Sem sinal do Exército

"Olha a bandeira!", anunciava Leonardo, 30. No dia 2 de novembro, calcula, faturou R$ 25 mil. "Ele chutou alto. Num dia como hoje, o lucro é de R$ 10 mil", disse Anderson, seu concorrente.

Sob 31°C, o corredor que leva à entrada do quartel estava sufocante. Nas laterais, vans de lanches e espetos misturavam-se a barracas, um quiosque de achados e perdidos, bandeiras, sombrinhas e uma imagem impressa de Jesus Cristo.

O público movimentou-se para a frente do QG do Exército gritando "For-ças Ar-Ma-Das S.O.S". Um espaço protegido por cones e cordas era respeitado — um homem invadiu o espaço para fazer uma live, mas foi retirado pelos colegas.

Não havia sinal do Exército.
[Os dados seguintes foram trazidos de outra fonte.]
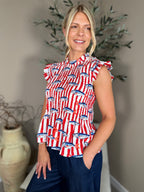 Red Stripe Capri Frill Top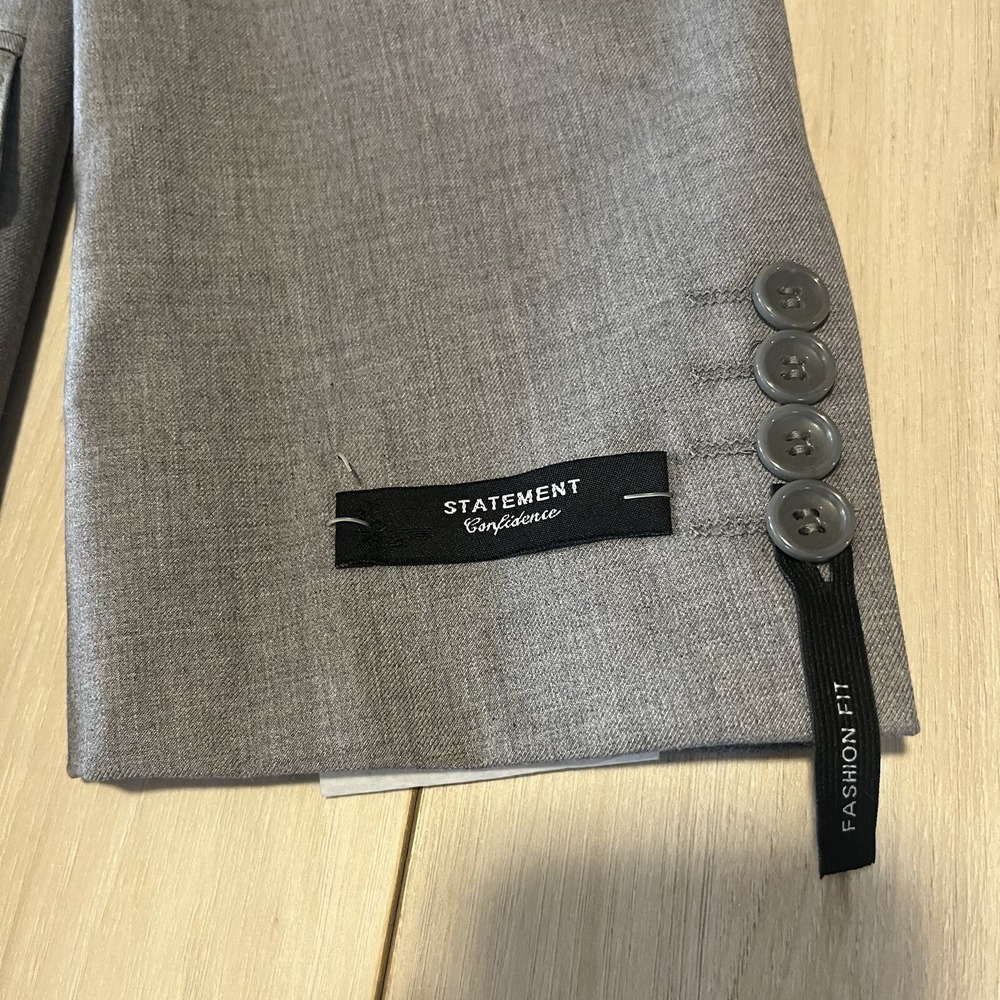 Statement NEW Italy Confidence Pure Handmade Blazer Gray Wool Mens Size 44R - Picture 5 of 16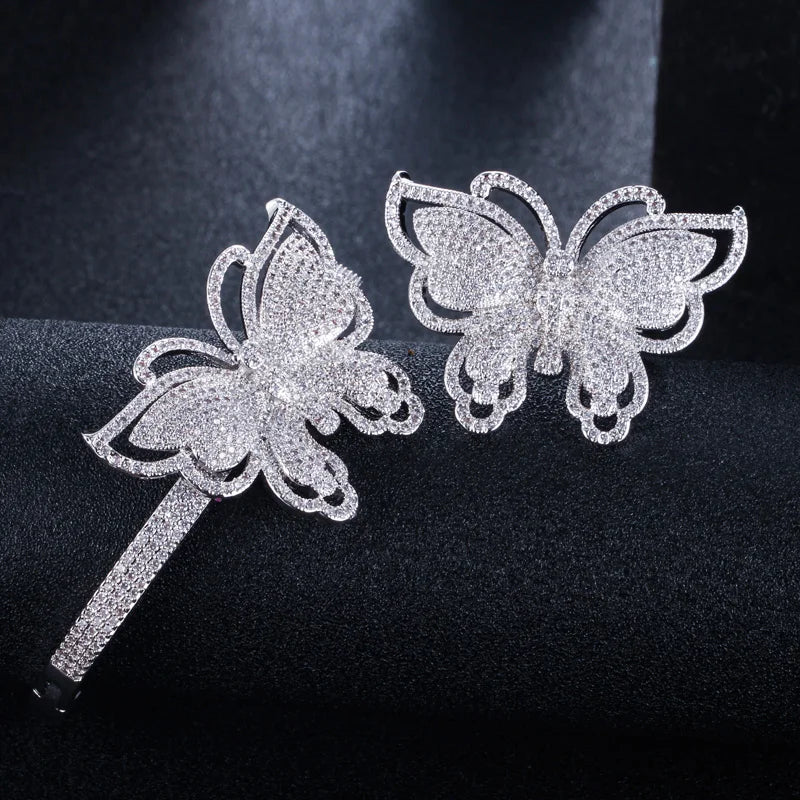 ThreeGrace Luxury Sparkling Cubic Zirconia Wedding Bridal Party Big Butterfly Finger Ring and Bangle Jewelry Set for Women JS543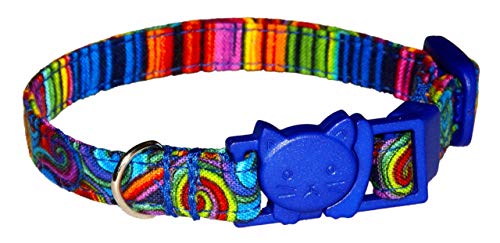 Psychedelic Swirls Cat Or Kitten Collar - Colorful - Rainbow - Geometric - 100% Cotton - 3/8 Inch Wide - 2 Sizes Adjusts 6 To 8.5 Or 7.5 To 12 Inches - Breakaway Safety Buckle #TOP5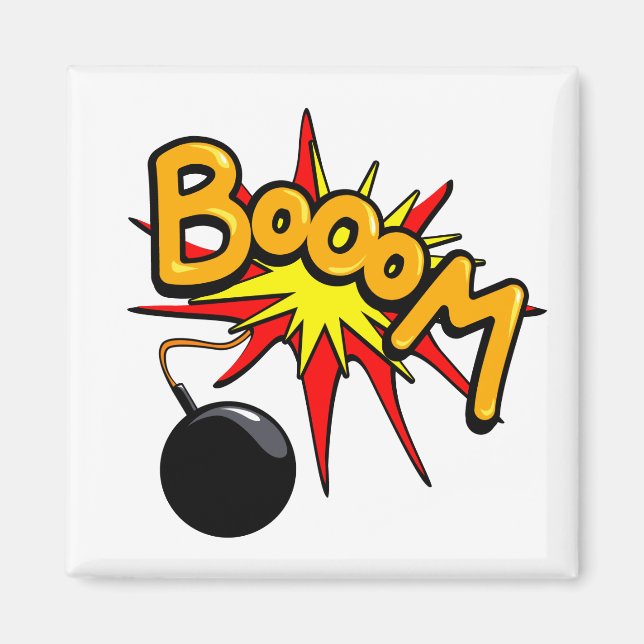 Imã Boom! Íman quadrado (Frente)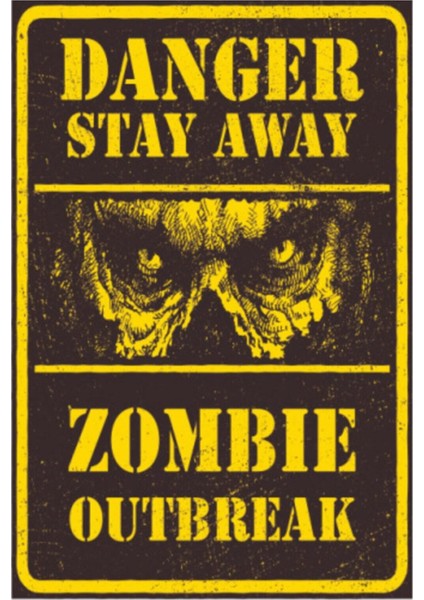 Tehlikeli Zombilerden Uzak Dur Retro Vintage Ahşap Poster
Quando uma faixa amarela com a frase "Forças Armadas, Salvem o Brasil" subiu, o grito foi trocado. Também não durou muito — faltou fôlego, o calor era demais.

Num dos quiosques, uma senhora segurava um papel A4. De um lado, a capa da Constituição de 1988. Do outro, o Art. 5º da Constituição impresso: "Todos são iguais perante a lei, sem distinção de qualquer natureza, garantindo-se aos brasileiros e aos estrangeiros residentes no País a inviolabilidade do direito à vida, à liberdade, à igualdade, à segurança e à propriedade". Ela contou que está ali para defender o Brasil. Define-se como patriota, como todos os outros ouvidos.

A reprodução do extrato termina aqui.